We will not deliver the cycling revolution that the Prime Minister spoke about without significant extra resources for cycling. My one request of the Minister is that he explain something that he and predecessors have not really been able to explain to me. We are talking about such a tiny amount of money—a fraction of his roads budget, for example, and a fraction of his overall strategic transport budget. All he would need to do is reallocate a very small amount of money that is already committed to other things—we are not asking for more money from the Treasury—to cycling, and he would deliver the cycling revolution that the Prime Minister says he wants, so my simple question for when the Minister responds is: why can they not do that?

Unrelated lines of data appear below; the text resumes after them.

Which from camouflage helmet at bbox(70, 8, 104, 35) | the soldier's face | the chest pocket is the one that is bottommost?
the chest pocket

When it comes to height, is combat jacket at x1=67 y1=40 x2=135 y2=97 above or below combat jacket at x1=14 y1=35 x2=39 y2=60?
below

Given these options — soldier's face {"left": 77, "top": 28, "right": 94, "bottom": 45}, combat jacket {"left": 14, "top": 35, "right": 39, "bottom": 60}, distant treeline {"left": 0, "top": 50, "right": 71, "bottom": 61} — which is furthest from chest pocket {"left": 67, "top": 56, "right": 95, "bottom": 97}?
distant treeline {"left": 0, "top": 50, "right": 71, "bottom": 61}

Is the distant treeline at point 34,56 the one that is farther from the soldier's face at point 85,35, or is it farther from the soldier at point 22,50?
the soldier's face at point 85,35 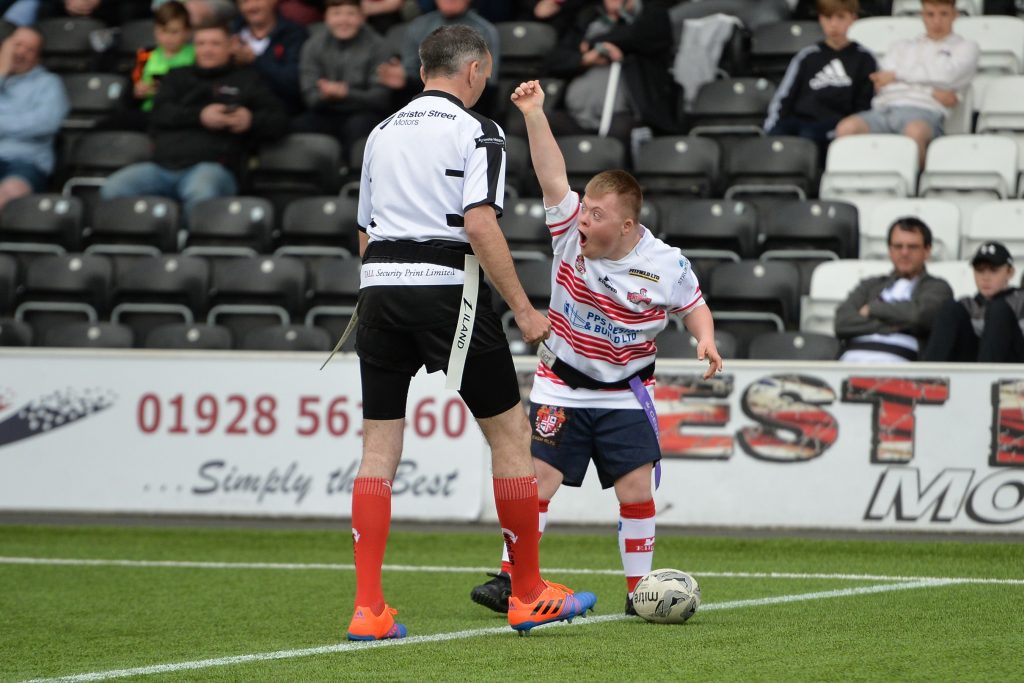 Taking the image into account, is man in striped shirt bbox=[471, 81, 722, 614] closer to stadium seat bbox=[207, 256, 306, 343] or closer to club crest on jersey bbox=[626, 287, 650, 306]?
club crest on jersey bbox=[626, 287, 650, 306]

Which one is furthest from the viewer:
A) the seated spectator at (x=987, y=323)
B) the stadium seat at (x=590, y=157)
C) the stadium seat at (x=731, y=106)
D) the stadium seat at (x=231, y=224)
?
the stadium seat at (x=731, y=106)

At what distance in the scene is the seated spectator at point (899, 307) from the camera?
9875 mm

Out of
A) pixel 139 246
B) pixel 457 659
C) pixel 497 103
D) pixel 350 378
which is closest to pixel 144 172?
pixel 139 246

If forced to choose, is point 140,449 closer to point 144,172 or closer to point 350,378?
point 350,378

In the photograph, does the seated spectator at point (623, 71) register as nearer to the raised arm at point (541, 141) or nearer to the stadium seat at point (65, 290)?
the stadium seat at point (65, 290)

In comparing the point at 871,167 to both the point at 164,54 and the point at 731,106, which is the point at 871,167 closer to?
the point at 731,106

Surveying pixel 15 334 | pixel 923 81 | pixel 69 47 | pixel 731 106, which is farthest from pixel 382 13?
pixel 923 81

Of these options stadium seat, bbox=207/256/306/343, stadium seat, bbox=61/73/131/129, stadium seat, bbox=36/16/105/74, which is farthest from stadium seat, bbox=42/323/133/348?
stadium seat, bbox=36/16/105/74

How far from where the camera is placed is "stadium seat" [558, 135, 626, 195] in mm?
12031

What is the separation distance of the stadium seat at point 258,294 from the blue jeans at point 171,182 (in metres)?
1.32

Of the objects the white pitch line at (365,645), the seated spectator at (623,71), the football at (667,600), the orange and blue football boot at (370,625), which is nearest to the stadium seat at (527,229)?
the seated spectator at (623,71)

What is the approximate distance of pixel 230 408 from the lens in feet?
32.6

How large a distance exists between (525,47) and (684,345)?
458 centimetres

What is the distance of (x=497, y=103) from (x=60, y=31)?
17.4ft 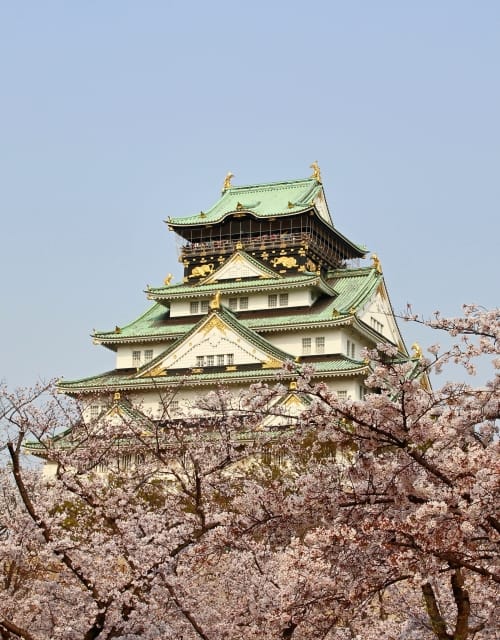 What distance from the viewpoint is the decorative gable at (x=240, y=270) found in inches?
2106

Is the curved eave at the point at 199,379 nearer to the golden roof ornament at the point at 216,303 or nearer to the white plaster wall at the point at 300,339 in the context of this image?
the white plaster wall at the point at 300,339

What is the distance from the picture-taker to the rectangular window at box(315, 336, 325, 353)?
50.4 meters

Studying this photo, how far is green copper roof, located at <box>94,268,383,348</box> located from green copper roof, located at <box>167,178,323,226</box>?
448cm

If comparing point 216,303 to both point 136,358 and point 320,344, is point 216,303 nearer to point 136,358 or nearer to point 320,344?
point 320,344

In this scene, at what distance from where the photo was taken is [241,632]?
51.4ft

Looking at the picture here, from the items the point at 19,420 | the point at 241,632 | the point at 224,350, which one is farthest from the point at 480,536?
the point at 224,350

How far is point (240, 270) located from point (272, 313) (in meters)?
3.12

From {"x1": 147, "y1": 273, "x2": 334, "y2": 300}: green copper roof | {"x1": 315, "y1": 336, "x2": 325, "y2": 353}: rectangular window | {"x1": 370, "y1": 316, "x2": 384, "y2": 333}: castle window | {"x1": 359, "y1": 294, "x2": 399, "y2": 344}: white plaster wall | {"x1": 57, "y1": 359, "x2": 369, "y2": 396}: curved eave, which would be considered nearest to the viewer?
{"x1": 57, "y1": 359, "x2": 369, "y2": 396}: curved eave

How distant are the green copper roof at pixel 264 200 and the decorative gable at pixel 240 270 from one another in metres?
3.23

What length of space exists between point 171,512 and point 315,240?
4128cm

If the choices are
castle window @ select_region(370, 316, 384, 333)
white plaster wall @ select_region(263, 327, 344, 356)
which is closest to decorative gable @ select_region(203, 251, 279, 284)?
white plaster wall @ select_region(263, 327, 344, 356)

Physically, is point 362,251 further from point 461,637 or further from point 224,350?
point 461,637

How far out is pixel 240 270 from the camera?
54.1 metres

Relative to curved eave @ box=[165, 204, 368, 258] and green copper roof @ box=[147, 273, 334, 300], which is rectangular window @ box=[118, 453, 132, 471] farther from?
curved eave @ box=[165, 204, 368, 258] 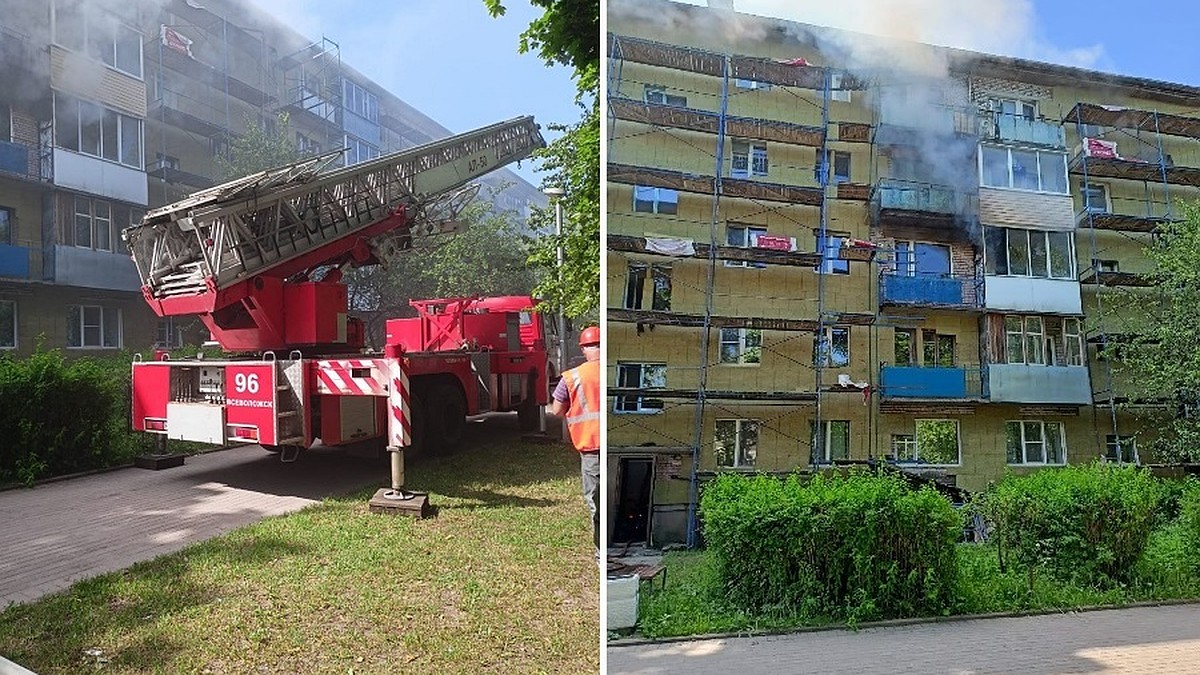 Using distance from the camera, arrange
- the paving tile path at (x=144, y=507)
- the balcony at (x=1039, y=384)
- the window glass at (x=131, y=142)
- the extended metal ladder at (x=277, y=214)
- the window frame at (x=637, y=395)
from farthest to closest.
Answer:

Mr Peter Bone (in the Chair): When the House divides, could I see the Minister, the shadow Minister and the Scottish National party spokesman here?

4.55 pm

Alex Chalk (Cheltenham) (Con): I, too, congratulate my hon. Friend the Member for Bolton West (Chris Green) on securing the debate and on his excellent speech. I declare an interest: I am a cyclist and I am a co-chair of the all-party cycling group. But as has already been intimated, the problem is that I am far too typical. The reality of cycling in the UK is that it is disproportionately the preserve of young to middle-aged males. We will be sure that we have done a half-decent job on cycling only when we have as many women as men cycling in our country, and we will know that we have done an excellent job only if the sight of women cycling with their children becomes far more routine than it is now.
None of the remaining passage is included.